Samsung is reportedly testing active liquid cooling for future Galaxy phones. A new report from South Korea says the company has formed a dedicated research team to examine advanced cooling systems for future devices, including both liquid- and air-based approaches. The real prize is obvious – keeping flagship chips fast for longer instead of letting heat quietly kneecap them.
That matters because modern phones are no longer just running social apps and camera filters. They are pushing gaming, video editing, and on-device AI harder than ever, and those workloads are exactly where thermal throttling shows up and ruins the party. Samsung’s interest is a sign that the next battle in premium phones may be less about raw peak performance and more about how long a device can hold it.
What Samsung is reportedly studying
According to the report, the effort sits under Samsung’s Production Technology Research Institute. The liquid-cooling system being examined is said to use a sealed loop that continuously moves coolant around the device, which is a step beyond the vapor chambers common in current smartphones. Samsung is also looking at active air cooling, but that path comes with familiar trade-offs: vents complicate dust and water resistance, and fans add noise plus extra moving parts.

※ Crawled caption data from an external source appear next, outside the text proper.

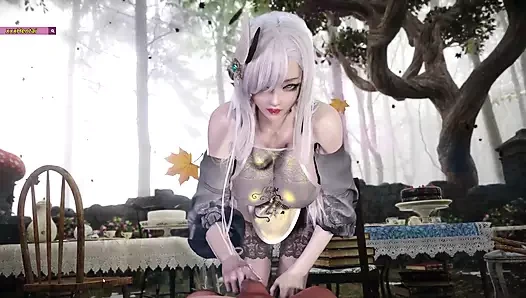 Tanrıça animasyonlu arzu: büyük göğüsler editio - 3 boyutlu animasyon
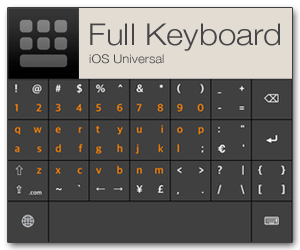 Full Keyboard (for big fingers) Product Information, Latest Updates
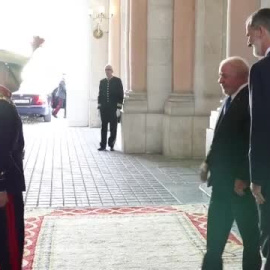 Felipe VI recibe a Lula en el Palacio Real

- Active liquid cooling: sealed loop that circulates coolant
- Active air cooling: potentially noisier and harder to protect against dust and water
- Current mainstream approach: vapor chambers, which are passive rather than active
RedMagic and other Chinese brands got there first
Samsung would not be breaking entirely new ground. Several Chinese phone makers have already experimented with more aggressive cooling in performance-focused models, and RedMagic is one of the clearest examples. The RedMagic 11 Pro series uses a miniature piezoelectric ceramic micropump to circulate coolant through a closed loop, which is exactly the kind of engineering trick that makes spec sheets look a little like science fiction.
The difference is scale. If Samsung ever ships something similar inside a Galaxy flagship, the technology would instantly move from a niche enthusiast feature to something far more mainstream. That is how weird ideas become normal in consumer tech: first a gaming phone, then a flagship, then everyone else pretending it was obvious all along.
A prototype stage, not a promise
Samsung has not announced a liquid-cooled smartphone, and plenty of internal research never leaves the lab. Still, the company’s interest suggests the industry is converging on the same problem from the same direction: chips keep getting faster, and heat keeps limiting how much of that speed users can actually feel. The next Galaxy headline might not be about a bigger battery or a brighter screen. It may be about whether the phone can stay cool enough to use all the silicon Samsung paid to put inside it.